Von Omaha, Nebraska aus ging Anfang der Nullerjahre ein kleines Erdbeben um die Indiewelt. Schuld daran waren Bright Eyes und das in deren Umfeld angesiedelte Saddle Creek Label. Auch wenn es um Saddle Creek längst ruhiger geworden ist, beweist das Label bis heute eine gute Spürnase für grossartige Kapellen.
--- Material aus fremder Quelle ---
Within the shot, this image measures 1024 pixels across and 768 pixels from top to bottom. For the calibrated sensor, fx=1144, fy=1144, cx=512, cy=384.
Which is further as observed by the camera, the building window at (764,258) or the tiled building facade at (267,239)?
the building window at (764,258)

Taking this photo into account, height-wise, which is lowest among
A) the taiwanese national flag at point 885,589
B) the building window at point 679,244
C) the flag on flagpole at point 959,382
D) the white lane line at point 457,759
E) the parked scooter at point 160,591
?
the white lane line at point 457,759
Auch Conor Oberst und seine Jungs hatten Ihre heydays in den Nullerjahren. Höhepunkt bilden für viele die 2005 zeitgleich veröffentlichten I’m Wide Awake, it’s Morning und Digital Ash in a Digital Urn. Genug der Historie jetzt. Down in the Weeds, Where the World Once Was beginnt wie fast alle Bright Eyes Alben. Mit einem wirren Opener, der mit einem Ragtime-Piano in irgendeiner schummrigen Bar endet. Das folgende Dance and Sing ist etwas vom besten, was  die Band seit langem abgeliefert hat. Eine wuchtige, pure Bright Eyes Nummer. Manchmal bleibt nur Tanzen und Singen um weiterzumachen, um gegen die vor die Hunde gehende Welt und einen irren Präsidenten anzutreten.
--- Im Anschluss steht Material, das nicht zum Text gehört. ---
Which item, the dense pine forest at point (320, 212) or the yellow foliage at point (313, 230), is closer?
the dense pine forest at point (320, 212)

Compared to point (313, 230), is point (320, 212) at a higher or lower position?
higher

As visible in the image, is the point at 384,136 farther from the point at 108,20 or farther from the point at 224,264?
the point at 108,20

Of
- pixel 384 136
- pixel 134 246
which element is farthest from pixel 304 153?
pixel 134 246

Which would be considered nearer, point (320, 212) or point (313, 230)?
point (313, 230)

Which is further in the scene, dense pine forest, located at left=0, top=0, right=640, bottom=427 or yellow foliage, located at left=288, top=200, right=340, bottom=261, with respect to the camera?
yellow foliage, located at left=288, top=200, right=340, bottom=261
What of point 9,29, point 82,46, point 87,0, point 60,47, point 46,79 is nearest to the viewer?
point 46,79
Ein Song der, zack, mitten rein geht. Zumindest bei allen, die ein Herz haben. Älterwerden, Scheidung, Tod, Politik. Das sind die zentralen Themen des Albums. Wenig verwunderlich, Conor Oberst verlor vor einigen Jahren seinen Bruder – The Cowboy Drinks Himself To Dead, Fresh Out Of Rehab singt Oberst in Mariana Trench. Der Meister machte eine Scheidung durch und scheint auch von einer Vierzigerkrise nicht verschont zu bleiben. Life’s a solitary song, No one to clap or sing along, It sounds so sweet and then it’s gone, So suddenly heisst es im nach einem Chilbikarusell benannten Tilt-A-Whirl. Ja, das Leben ist bisweilen hart. Aber Alben wie dieses machen es leichter. Zumal, wenn man nicht mehr wirklich damit gerechnet hat, dass einer einstigen Lieblingsband nochmals ein derart grosser Wurf gelingt.

Ach ja, die Gastmusiker: Chilischote Flea am Tieftöner und John Theodore von den Queens Of The Stone Age hinter den Trommeln. Auch das eher überraschend.